Entrepreneurs want to know what existing and additional investments will be required to generate the planned profit (EBIT) in the coming years. The amounts originally paid for the fixed assets are only partially relevant for this because inflation and technological developments often lead to higher replacement values and therefore higher imputed depreciation. If the replacement value of an asset increases by 20% compared to the previous year, the imputed depreciation for this asset must also be increased by 20%. This reduces the (distributable) profit, but also ensures that the money remains in the company to finance replacement investments.

The annual business plan must therefore determine which and how much fixed assets will be required in the planning year in order to achieve the planned profit. For this purpose, it is necessary to estimate by how much the replacement value of an existing and still used asset will increase in the year to plan. The replacement value is divided by the useful life planned by management and results in the imputed depreciation of the asset in the year to plan.

By stipulating that the imputed depreciation is charged to the income statement each year, the owners ensure that the money for replacement or renewal investments remains in the company’s current assets or is used to reduce interest-bearing loans. The funds for maintaining the company’s ability to perform are thus available because less has been distributed to the owners or been given away through lower sales prices. External cash inflow for the further expansion of the company is only necessary to finance growth.
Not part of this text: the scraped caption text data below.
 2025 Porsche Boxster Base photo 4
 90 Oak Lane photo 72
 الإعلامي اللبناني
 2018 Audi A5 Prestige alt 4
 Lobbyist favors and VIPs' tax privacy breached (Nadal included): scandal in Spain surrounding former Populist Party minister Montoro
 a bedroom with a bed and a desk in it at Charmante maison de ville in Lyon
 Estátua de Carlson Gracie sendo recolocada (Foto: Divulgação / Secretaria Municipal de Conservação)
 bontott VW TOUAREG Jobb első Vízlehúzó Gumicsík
Replacement value and imputed depreciation

Using the example of cost center 100 (sales management) at Ringbook Ltd., the following steps are required to determine the replacement value and the imputed depreciation:

    •  The fixed assets of cost center 100 amounted to EUR 96,000 at the end of 2020.
    • The management of Ringbook Ltd has determined that machines, equipment and software can be used for 8 years until they need to be replaced. This results in a depreciation of 12.5% of the acquisition or replacement value (EUR 12,000, column j) for 2021.
    • The replacement value therefore amounts to EUR 84,000 at the end of 2021.
    • In 2022, an online store was set up for cost center 100. Project costs of 86,602 (column f) were incurred for this. These were capitalized so that the replacement value of the fixed assets in cost center 100 amounted to EUR 182,602 at the end of 2022.
    • In addition, a general inflation rate of 3% (inflation rate, column g) had to be taken into account in 2022. This had an impact on the replacement value of the original investment of EUR 96,000 at the beginning of 2022 (EUR 2,880, column h).
    • In total, 12.5% of the replacement value of 185,482 (column i), i.e. 23,185 (column j), was to be charged as imputed depreciation for 2022.
    • In the years 2023 – 2025, the new investments (column e) are added to the existing assets of the cost center. They must also be taken into account in subsequent years.
    • The effects of the annual inflation rates (column g) increase the replacement value of the existing investments in cost center 100. Depreciation of cost center 100 also increases (column j) and thus also the balance sheet value to be reported in the internal reporting at the end of the year (column k).
Calculating imputed depreciation
Calculating imputed depreciation

Estimating the replacement values of existing investments is often difficult, as quotations have to be obtained from potential suppliers. For this reason, many companies use the index method to calculate the replacement value of an asset. The question is how much an acquisition will increase in the planning year if it is multiplied by the current inflation rate (columns g and h).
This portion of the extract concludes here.